Kurdish performers will continue to pursue their art despite the obstacles and intolerance they face, Diyarbakır (Amed) City Theatre actress Berfin Emektar told Mezopotamya Agency on Wednesday.
“We will never give up performing art in Kurdish,” Emektar said, after her company’s play Don Kixot, a Kurdish language adaptation of Cervantes’s famous Don Quixote, was cancelled in Turkey’s northwestern Kocaeli province.
The organisation company received a phone call informing them that the theatre venue had been rented out in error, and that the performance would be cancelled. Actors were told the deplatforming was “at the discretion of the local authority”.
“We have been making Kurdish language theatre for 25 years. The bans are not new, they were here 25 years ago, 10 years ago, and last month. There is no guarantee that they won’t be here in the future,” Emektar said. “Kurdish artists will find a way. If there is no way, we will forge a path, as always. We continue to do our job despite all pressure.”
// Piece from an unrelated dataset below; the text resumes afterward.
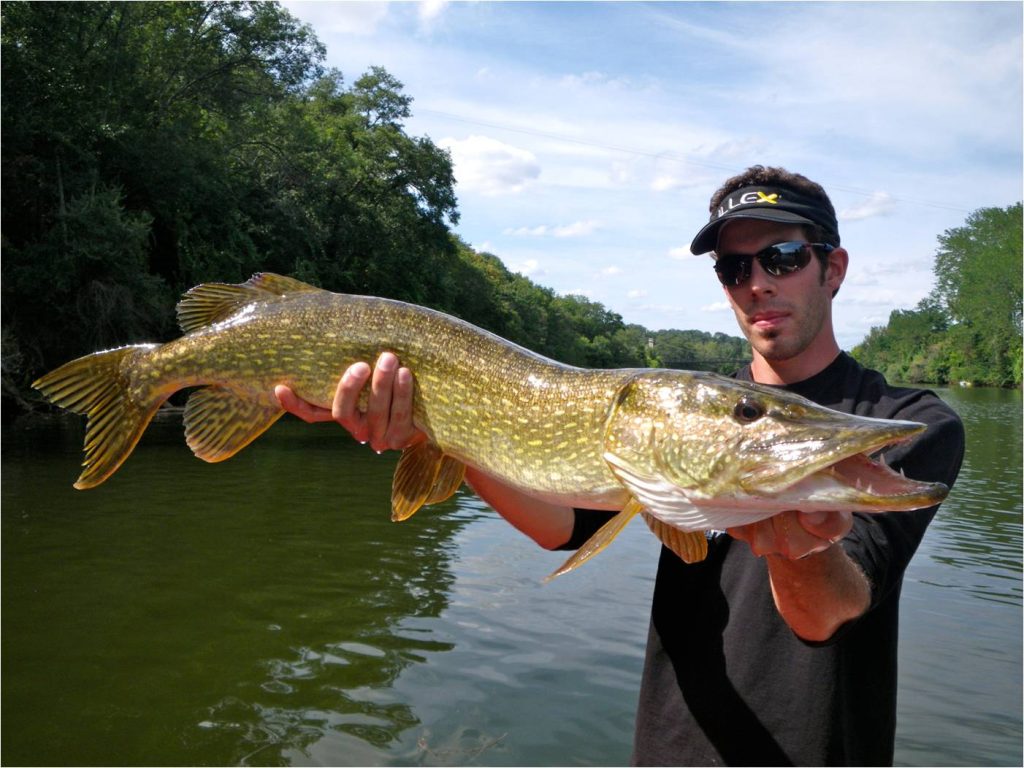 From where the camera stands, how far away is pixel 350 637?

The obstacles and bans against Kurdish art had “ridiculous” reasoning, Emektar said. “They tell us that they are not banning the Kurdish language, that they ban events where there are concerns. But, for some reason, all the banned events are in Kurdish.”
Theatre companies do not need additional permits from governorates to perform in municipality-owned spaces, Emektar said, but the actors are constantly subjected to arbitrary bans over non-existent procedures.” Just recently the Mardin governorate banned our play Tartuffe in Kurdish. When the public made a fuss, they said the play had been cancelled due to the pandemic,” she said.
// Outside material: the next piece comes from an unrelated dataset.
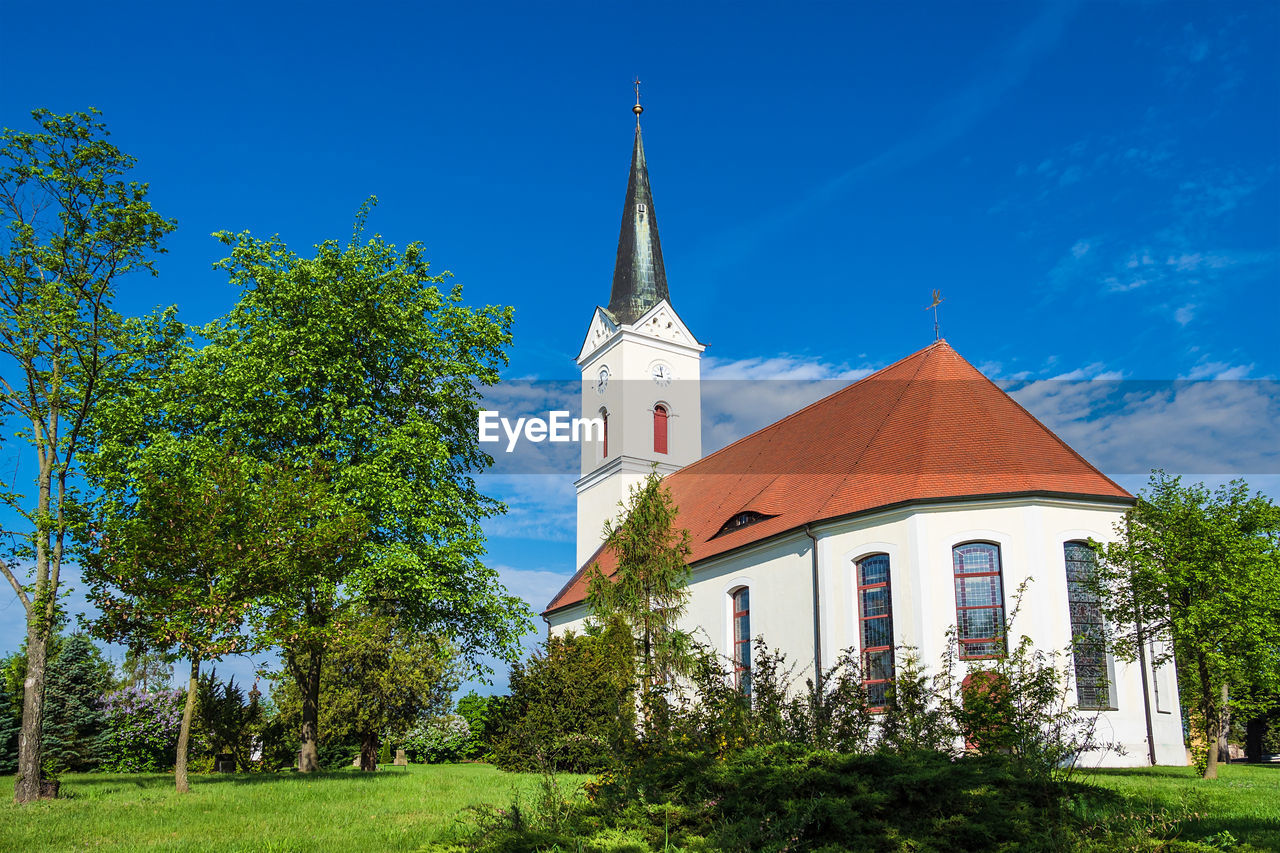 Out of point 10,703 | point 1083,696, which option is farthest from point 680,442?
point 10,703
There is no tolerance for the use of Kurdish outside of TRT Kurdi, the Kurdish language service the government launched under Turkey’s state broadcaster in 2008, she added. “This duplicity is unacceptable. They are saying that Kurds are only allowed to say what they wish us to say.”
Recent days saw several high-profile Kurdish-language events cancelled, including a concert by internationally renowned Aynur Doğan scheduled for last week, drawing protests.
Muş (Mûş) governorate had announced on Monday another ban on a concert by Metin and Kemal Kahraman, sibling musicians who perform songs in Kurdish and Turkish.
Writers, musicians, MPs, political party leaders, and journalists protested the bans in tweets and statements.